Scarlett leaned against my kitchen counter like she owned the place, sipping water with an expression that said she’d been waiting for me. Perfect. Just what I needed.
“That well, huh?” She actually patted me on the chest as she passed by. The casual familiarity was jarring. Most people knew better than to touch me, but apparently, Scarlett hadn’t gotten that memo.
“I screwed everything up.” Clearly, I was more rattled than I’d thought, spewing this out to a woman I didn’t know.
“If it makes you feel any better,” she said, examining her nails with exaggerated casualness, “she said it was the best orgasm of her life.”
I leveled my best glare at her. The one that made my interns squirm.

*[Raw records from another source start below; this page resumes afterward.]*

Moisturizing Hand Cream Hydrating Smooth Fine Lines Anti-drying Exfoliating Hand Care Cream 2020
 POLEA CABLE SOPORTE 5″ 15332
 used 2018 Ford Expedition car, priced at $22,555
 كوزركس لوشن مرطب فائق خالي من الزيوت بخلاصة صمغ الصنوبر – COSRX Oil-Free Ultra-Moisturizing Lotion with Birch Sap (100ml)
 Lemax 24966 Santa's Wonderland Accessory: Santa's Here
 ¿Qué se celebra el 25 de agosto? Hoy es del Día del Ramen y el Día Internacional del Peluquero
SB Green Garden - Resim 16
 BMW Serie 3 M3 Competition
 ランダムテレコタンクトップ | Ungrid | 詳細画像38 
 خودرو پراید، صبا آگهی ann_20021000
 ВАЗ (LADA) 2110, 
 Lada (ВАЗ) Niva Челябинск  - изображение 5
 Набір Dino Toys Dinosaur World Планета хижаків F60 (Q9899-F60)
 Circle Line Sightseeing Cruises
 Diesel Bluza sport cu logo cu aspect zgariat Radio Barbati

She just grinned wider.
“We are not having this conversation.” I pushed past her to the fridge, grabbing a beer. “I don’t know you well enough to have this conversation.”
“I don’t think so.” She plucked the beer from my hand and set it on the counter with all the authority of a kindergarten teacherconfiscating contraband. “No drowning your sorrows until after we talk.”
“We’re not talking.”
“Agree to disagree. You need to talk to someone.”
“I have friends for that,” I said, grabbing my beer, holding her gaze, and taking a long pull.
“Ryker.” She cocked her head. “You and I both know you can’t talk to him about this.”
I ran a hand over my face. I didn’t want to tell Jace, Axel, or Knox either. They could tell Ryker. And, hell, Knox was in prison. Let me show up with my little problems in life when the guy was fighting for his.
“I’ve never seen Tessa this angry,” I admitted.
“Exactly.” Scarlett’s eyes sparkled with something that looked dangerously like insight. “She’s angry because she has feelings, and when Tessa doesn’t want to have feelings, she lashes out. Like a tiny, angry Chihuahua.”
The mental image of Tessa as an angry Chihuahua nearly made me smile.
“I don’t want it to be like this between us,” I admitted. “I want things to go back to normal.”
“Which normal?” She cocked her head. “The one where you both pretend you don’t have feelings for each other? Because I gotta tell you, that ship has sailed, capsized, and is currently hanging out with theTitanic.”
“I don’t know you well enough?—”
“To have this conversation. Yes, you mentioned that.” She waved away my protest like an annoying fly. “And yet here you are, looking like someone kicked your puppy, which means you’re terrified of losing Tessa.”
Damn it. She was right. I hated that she was right.
“Can I give you some advice?”
“No, I’m good.” I went to take another sip, but this woman, this fucking woman, snatched it out of my hand.
“Lucky for you, I’m feeling generous.” She hopped up onto my counter—actually hopped up onto my counter like it was a chair—and settled in like she was preparing to dispense wisdom. “You have exactly one get-out-of-jail-free card that’ll make this all better. It’ll be like magic pixie dust that erases everything that happened.”
I pinched the bridge of my nose. “And what, pray tell, is that?”